# Below Griggs Dam



## yuwen (Oct 29, 2017)

I am not an experienced angler who fishes for smallies and I wanted to know if the below dam area of griggs is even worth going to right now. Also if anyone has any tips I WOULD REALLY appreciate them.


----------



## acklac7 (May 31, 2004)

Put your time in below there and it's worth it. Don't expect to show up once or twice and knock them dead. But yeah, there's definitely Fish in there. Bring waders and be safe.


----------



## yuwen (Oct 29, 2017)

acklac7 said:


> Put your time in below there and it's worth it. Don't expect to show up once or twice and knock them dead. But yeah, there's definitely Fish in there. Bring waders and be safe.


Thanks for the info. 
What I really wanted to know is if its too cold for the fish to be around there and if I should fish the spillway.


----------



## acklac7 (May 31, 2004)

yuwen said:


> Thanks for the info.
> What I really wanted to know is if its too cold for the fish to be around there and if I should fish the spillway.

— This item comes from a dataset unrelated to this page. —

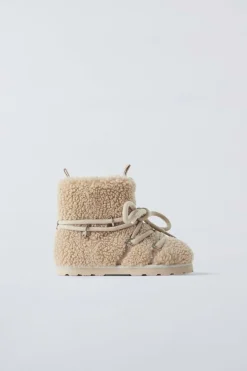 Niños ZARA 1½ - 6 Años·Zapatos|1½ - 6 Años·Zapatos<BOTA BORREGUILLO
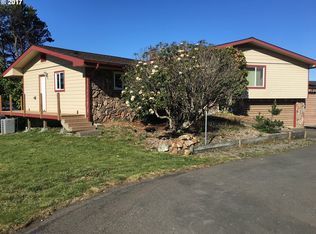 17312 Holmes Dr, Brookings, OR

No, not too cold at all. Next two weeks should be prime. Look for fish busting Shad downstream.


----------



## Cats1967 (May 25, 2017)

I am planning on being there Sunday morning if things work out. Going after catfish and saugeye or bass. Not a Griggs expert, the fishing pressure there has kept me away but resently I have decided to give it a chance.


----------



## acklac7 (May 31, 2004)

It's not the pressure you need to worry about, it's the time on the water. There's really no substitute. Griggs can be a fickle beast.


----------



## USMC-BUCKEYE (Apr 2, 2010)

acklac7 said:


> It's not the pressure you need to worry about, it's the time on the water. There's really no substitute. Griggs can be a fickle beast.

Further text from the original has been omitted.